Posted by Will Wohler on 08/14/10 07:03 AM
Revisiting the thought about stewardship: I concur 100% that waste, wanton destruction, and like thoughtlessness are abominable and intolerable. BUT " i don't think "using up" currently-available 'resources' is, or even should be objectionable to future generations.
It's fairly clear by now that human ingenuity " which in itself is THE Unlimited, Renewable 'resource', no? " will develop alternatives for all 'resource depletions' which we might "burden" future generations with.
Further, and MOST importantly: to the extent we might forgo use of lower-cost existing resource stocks, we would necessarily reduce prosperity, and almost certainly some amount of technical progress (such rate of progress being strongly dependent on prosperity levels).
So those future generations would inherit a somewhat less-affluent " AND less technologically-developed world ... to THEIR detriment, no?
Posted by Lukester on 08/13/10 12:45 AM
Posted by Lukester on 08/13/10 12:44 AM
All your points fully taken and understood, and indeed that was all I wished to communicate to The Zen Billionaire. =:-)
IF we accepted that CO2 and Temp are indeed correlated (causation for the moment is the stumbling block to bringing opposing sides to carry on an intelligent investigation of the matter), then we would have reason to suppose that where CO2 soared, eventually temp would follow.
Why is this datum useful? Because it places on the table, the non wildly unreasonable notion that "temp" may be a problem somewhere down-the-road-ish. If that's the case, you've at least inserted one chink of self-questioning in the armor of the AGW deniers – in that they are alerted, through reasonable empirical deduction, that if in ten years we see some really soaring temperatures, that old bug-bear of 'correlation' is still sitting there, shelved by all of the overly zealous skeptics.
These steps beging to sketch out, the kind of doubt and self-examination and diligence which any lay person who genuinely cares for the future of our species will keep firmly in mind. I am an agnostic, but I do find it telling, that all AGW deniers vehemently fixate on the "causation" and there's such a pile of heated controversy surrounding that, that any plain and easy to see "correlation" is simply ignored as irrelevant.
It's not. We've all got great grandchildren looking up at us, waiting to see if we were good stewards of their future (not that we are anyway). Bottom line – if we do see temp soaring in the next ten years, highly suspect though a "ten year statistical trendline" may be – any sincere and non-hidebound person is going to come back and take a very serious look at the correlation which I suggest is so plainly evident today.
ZB has got his purist engineer's hat on. The data spanning 500,000 years that I've seen, paints these two wobbly trajectories looking suspiciously like they are echoing each other.
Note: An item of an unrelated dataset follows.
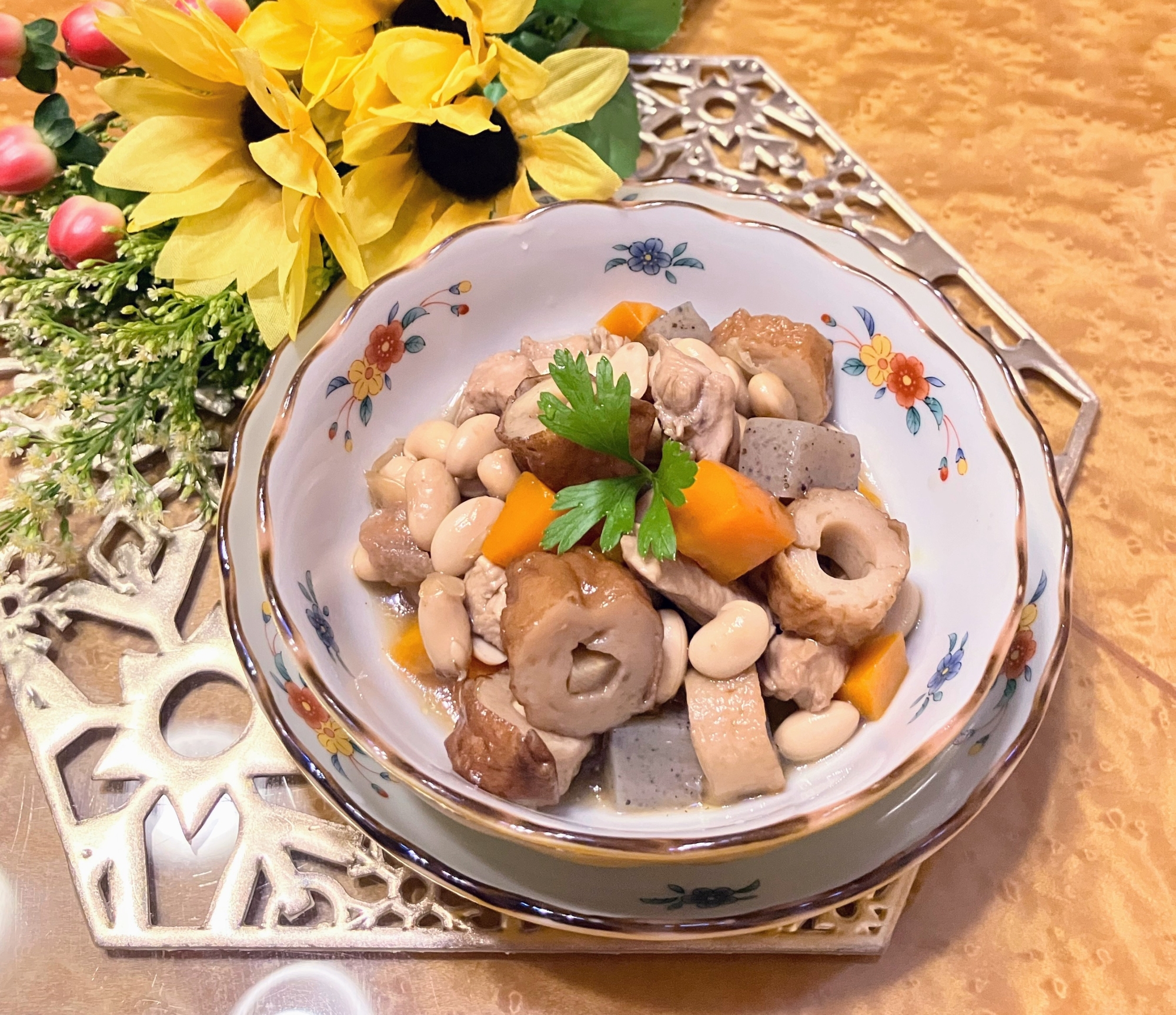 鶏むね肉で〜五目煮豆〜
To stand on purist principles of verifiability of the data is taking the courtroom approach to the evidence – when you are standing on a live entity (the planet) instead, the rules of engagement and concern (to an intelligent and fluidly thinking person anyway) do tend to shift subtly.
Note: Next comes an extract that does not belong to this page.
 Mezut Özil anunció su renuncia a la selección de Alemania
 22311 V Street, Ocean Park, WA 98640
I am an agnostic. But this is what I distrust about the AGW deniers – they do protest too much.
Posted by Will Wohler on 08/12/10 07:11 AM
Am now greatly enjoying your discussion back & forth " i had become pained when there was (imo, too MUCH) sarcasm & near-ad-hominem activity a litte while back.
May i 1] toss another point into this discussion; and 2] second the idea behind ZB's last paragraph of his Aug 11 1:51PM post?
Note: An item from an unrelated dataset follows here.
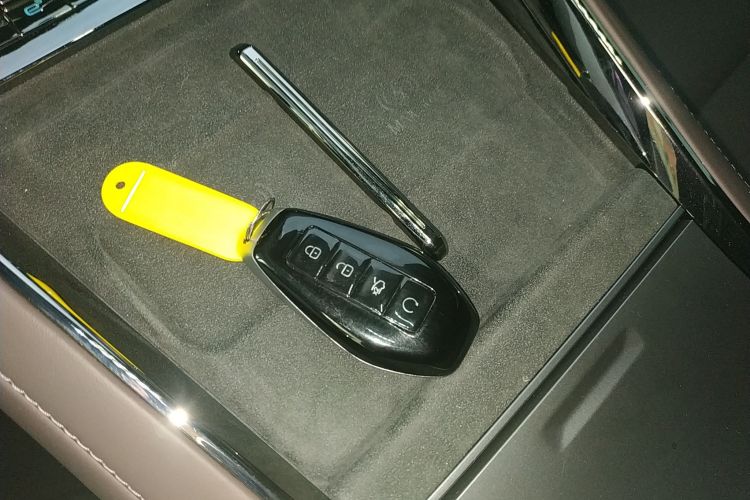 Denza Z9 2024 car image #9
IF we accepted, at least for this forthcoming argument's sake, the assertion that causation doesn't matter because the two characteristics (temp & atmosph. CO2 concen.) are so tightly correlated ON MULTI-Millenial timescales, we'd still have to consider whether one causes the other " & if so, which is the cause " where we are concerned about MUCH shorter timescales (as we must be).
We can only reasonably worry ourselves with events that may occur in the next few years, decades, or at MOST, one century or so. Within this much shorter timeframe, afaik, there is NO weight, preponderance, or other clear indication that atmosph. CO2 conc. leads temperature " let alone that rising CO2 is CAUSING a (the?) temperature increase.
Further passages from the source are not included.